# Thar be mold in me culture!



## Mantis House (Aug 6, 2018)

I recently bought a small vial of d. Hydei flightless flies, and after trying to make my own culture (which exploded with molt on day 4), I decided to evacuate them back in to the original vial. A little molt started to form, and I basically gave up all hope, and just let them be. The molt covered the top of the media, and I figured it was only a matter of time before they all died. When I looked at them tonight, not only did I notice that the majority of the mold was gone (I circled the remaining in yellow), there are dozens of small, maggots in the bottom (you can make out a few in the pic). 





Is mold in the culture normal? I’ve read that it is bad, but the flies never laid eggs until the mold was present. Is it a coincidence, or is that how it is supposed to work? They’ve eaten nearly all of the mold, so I feel a little better about it. The culture is three weeks old as of yesterday, so they should have been producing by now. Did they just take a little longer than normal to start multiplying?


----------



## Predatorhousepet (Aug 7, 2018)

If you made the medium correctly and added a significant number of flies to seed, getting mold after only 4 days seems unusual. How did you make the culture?

If the flies are reproducing and the mold has nearly disappeared then it seems like the culture is back on track regardless of how it started.


----------



## Mantis House (Aug 7, 2018)

@Predatorhousepet

the media is just the stuff that I bought the flies in. It saws it’s supposed to last 5 weeks, but it wasn’t going to last that long 

the stuff I made was potatoes, water, vinegar, and a pinch of yeast


----------



## MantisGirl13 (Aug 7, 2018)

I used the same recipe and the same jars as you (containers from PetSmart ff cultures, right?) I had a lot of mold problems too. I would suggest using a wider, larger jar and a lid with tissue paper ventilation. I started using different containers with more ventilation, and I also sprinkled cinnamon on the top of the medium to keep down mold. I have had no mold problems for weeks since. Try it! 

- MantisGirl13


----------



## Mantis House (Aug 8, 2018)

Thanks! I read a lot about the cinnamon, but I wanted to try the actual recipe first. I’ll definitely try that, since I’m planning to upgrade the small vial into a jar or something.


----------



## MantisGirl13 (Aug 8, 2018)

Good luck! Definitely use a jar with more ventilation!

- MantisGirl13


----------



## Mantis House (Aug 8, 2018)

@MantisGirl13

just out of curiosity, how big of a container can I use? There has to be a point where it is too big. Most places sell them in 32oz cups, but could they work in an even bigger cup, or would it not even be worth it?

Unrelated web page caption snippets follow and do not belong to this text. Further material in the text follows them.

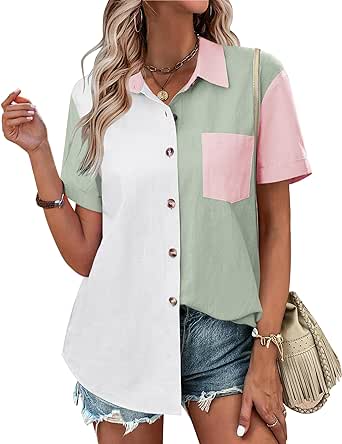 Zeagoo Womens Button Down Shirts Color Block Short Sleeve Cotton Linen Summer Causal Blouses Tops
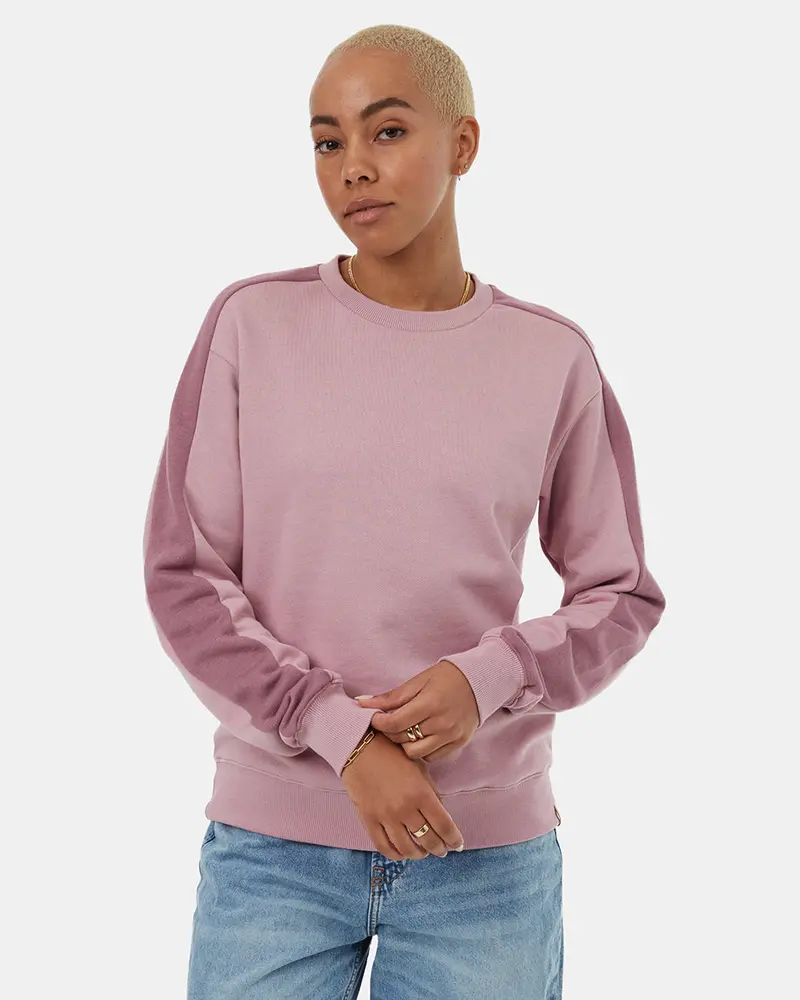 Blocked Sleeve Stripe Crewneck Sweatshirt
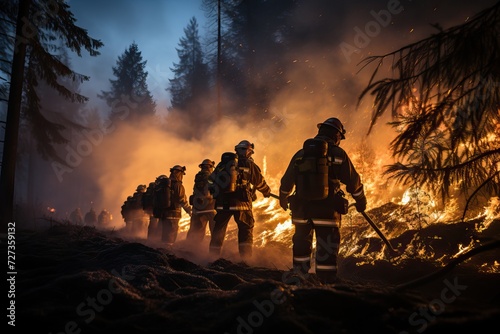 A group of firefighters is extinguishing the flames in the forest, a large-scale forest fire.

which reminds me of my other question: when do I want to move from the vial to a jar? The maggots are climbing up the side of the vial, but there are still TONS in the media. Do I want to wait until they all become flies, or is it safe to move them now, with minimal casualties?


----------



## MantisGirl13 (Aug 9, 2018)

@Mantis House I am not sure how big you can go, but I know that it is better to have more than one medium sized culture. I would wait until most of the maggots are adult and then transfer them to several different cultures. You could also do an experiment using several types of media and see what works best for you. I use an empty small peanut butter jar for my cultures, and I just cut out the middle of the lid and hot glue tissue paper inside. it works really well, is big enough, and has enough ventilation. Let me know how it goes!

- MantisGirl13


----------



## Mantis House (Aug 9, 2018)

I’ll try that. I tried using a quart mason jar, and it seemed to work until the molt started. I’ll definitely try using some cinnamon  

How long should a culture last? So say I make a good, non-molding media, how long should it be before I completely move the flies into another container?


----------



## Predatorhousepet (Aug 9, 2018)

A fruit fly culture generally lasts about a month and will have 2 to 4 population blooms during that time. When the population explodes is generally when I harvest flies to make a new culture. When you make a new culture you'll need at least around 100 adult flies to set it up. More is better.


----------



## MantisGirl13 (Aug 10, 2018)

@Predatorhousepet Explained it, though I think that you don't need that many flies! I usually start my cultures with between 20-40 flies, and I have HUGE population blooms.

- MantisGirl13


----------



## Predatorhousepet (Aug 12, 2018)

You can get a culture started from only 20 flies?  Every time I've tried less than 100 it takes the culture a long time to get going and the yields are not that great. I guess that's acceptable if you are only feeding one or two mantids but I have a lot of nymphs so I need big yields fast.


----------



## Synapze (Aug 12, 2018)

.


----------



## Predatorhousepet (Aug 12, 2018)

Hydei take a lot longer to get going than melanogaster flies. I found this in an image search comparing the life cycle of each culture.


----------



## Predatorhousepet (Aug 12, 2018)

Synapze said:


> I find that if I start with any less than the amount pictured below, it takes too long for them to start producing. It will probably be 3 weeks before the culture pictured below gets fired up.
> 
> View attachment 11201


Yes, I use about that amount too. 100 is just the absolute bare minimum to get a good yield in my experience but it does take longer the less you use.


----------



## MantisGirl13 (Aug 13, 2018)

I use about 20 per culture and I have lots of larvae in less than a week!

- MantisGirl13


----------